Jacob showed a passion for astronomy so much so that inspired by his father’s suggestion, he started a cookie-baking business in our neighborhood in order to pay for Space Camp in Alabama. In two years, at 12, he had earned the $750.00 necessary for the trip and went!
Jacob attended our local public school for two classes his freshman year so he could join the band. Then he attended fulltime high school his last three years and was a member of the high school marching band that even got to perform at the Rose Parade.
He also started the first chapter of Amnesty International at his high school.
Now Jacob is in his junior year at Ohio State. His list of accomplishments is long, as Jacob is quite ambitious and oriented to human rights. It’s easier to list them than to describe them so here they are, as best as I can remember.
- OSU Honor Student
- President of Amnesty International at OSU (sophomore year)
- RA (sophomore year)
- Member of the Mock UN
- Intern in Haiti for a summer, combined with research into NGOs and their effectiveness post earthquake
- Exchange student in Geneva
- Intern with the Human Rights Watch Commission in Geneva
- Produced documentation for North Korean HR violations
- Participant at the International Symposium on Human Rights at the UN (Fall 2012)
- Presented his research about the NGO’s in Haiti at an Int’l Conference on Sustainability in Hiroshima (Jan 2013)
- Exchange student in Paris (Now)
- Recipient of numerous scholarships
- Member of the Sphinx academic honor society at OSU
- Student at Woodrow Wilson School of International Affairs at Princeton (This coming summer)
Jacob’s goal is to work in the field of human rights (possibly at the UN), post graduate school. His double major is French and Globalization.
Let me say this. I’m as stunned and amazed as anyone would be by Jacob’s ambition and his success in his chosen field of energy and passion. His heart for what he does and his commitment to the causes he cares about inspire me even more than the “list.” But the list is impressive in a special way. Let me explain.
I homeschooled just like you do, reading about other kids’ accomplishments, and not really believing that one of my kids would go on to do the “impressive stuff” I had read about. I believed in homeschooling (and do!). But I believed in it as an alternative to the standard measures of success. I felt fine with that. I’m proud of each of my children (I look forward to sharing about the last two soon) and the choices they’ve made. They all amaze me in their own ways.
What Jacob’s journey showed me, though, is that home education can be a rock solid foundation for academic advancement and achievement. It’s not a “sub-standard” education nor does it put a child at a disadvantage, if that child is achievement-oriented.
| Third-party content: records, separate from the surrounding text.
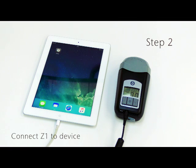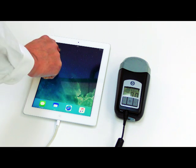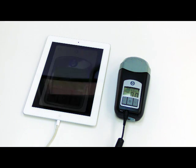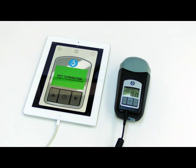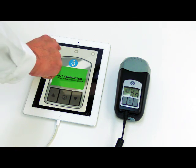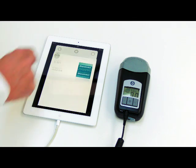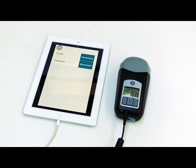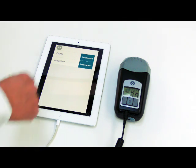Step 2: Connect Z1 to device. When the Z1 is in startup mode, showing 0.0 on the screen, launch the Night Log app on the mobile device. Press the plus sign button on the upper left hand corner of the screen. The serial number of your Z1 will appear. Press the number to select it.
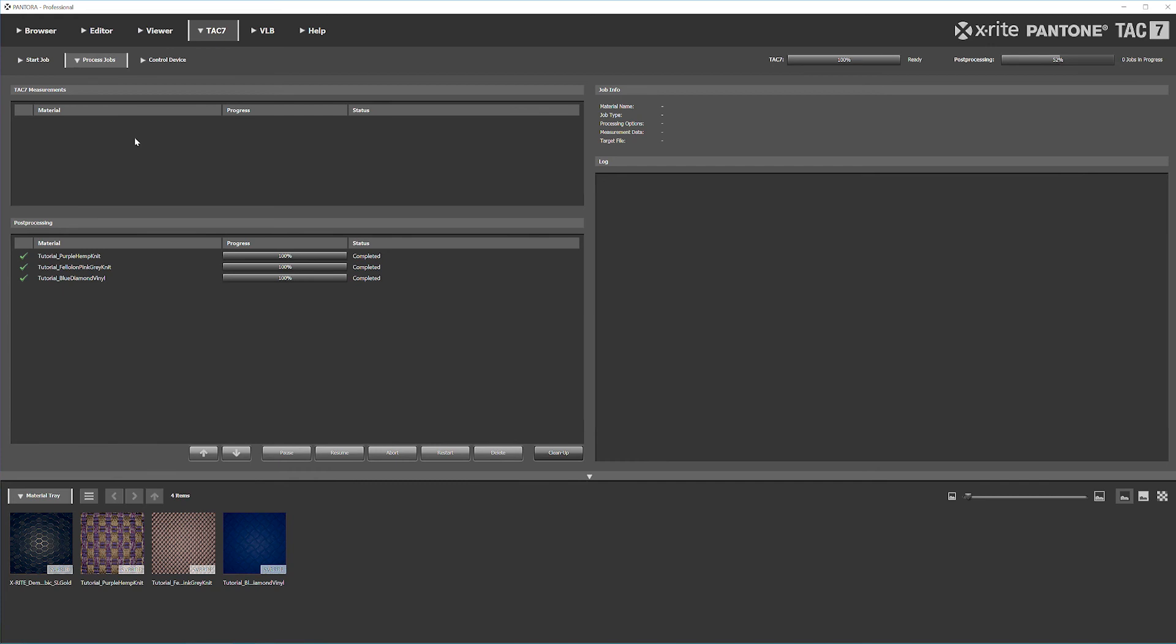That's it for starting your job and how to scan a material. In the next video, we'll talk about what to do after it's done post-processing. Hope you stick around for that one. See you next time.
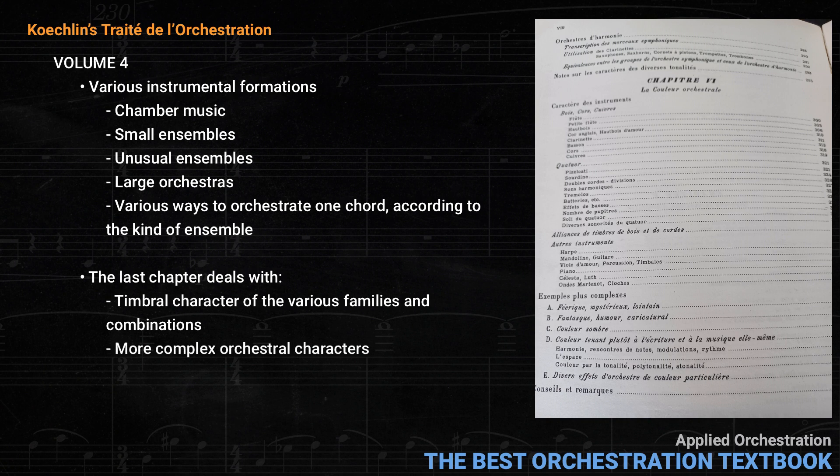As we can see from this quick overview, Koechlin goes into enormous detail about subjects that the other books don't even mention. It is an invaluable resource, and nobody who's interested in orchestration should be without it.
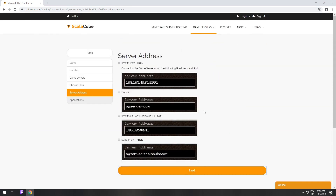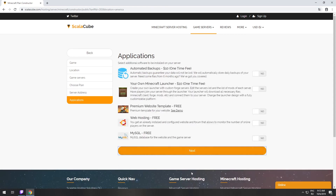On this page, you have to choose your server IP. We will select IP with port. However, you will be able to change it later at any time after purchasing. Here you can select additional software to be installed on your server. You will be able to install them later too.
Jacob wasn’t always so sure homeschooling had been an advantage (when he got to high school, he was angry, for instance, that I started him on algebra in 9th grade rather than 8th). But I told him he’d be fine. He was… and is. More than.
The foundation he got at home had more to do with his capacity to care and self-educate, than grades. His worldview, his interest in rights, his curiosity about global issues and politics, came from his life at home. He took his natural energy to actualize that caring into active service and achievement. He has a strong work ethic and a lot of motivation, even if he sometimes also loses his shoes. (Which he does.)
Jacob is in Berlin with his brother traveling. Here’s the news he just shared with me:
He was selected as one of two Rhodes Scholar Nominees from Ohio State and found out today.
Jacob will visit Oxford next weekend to check it out before he gets to work on the application this summer. He’ll be in a field of 1500 candidates nationwide. Crossing our fingers!
I loved, LOVED reading this! Good luck Jacob on your candidacy for Oxford!!!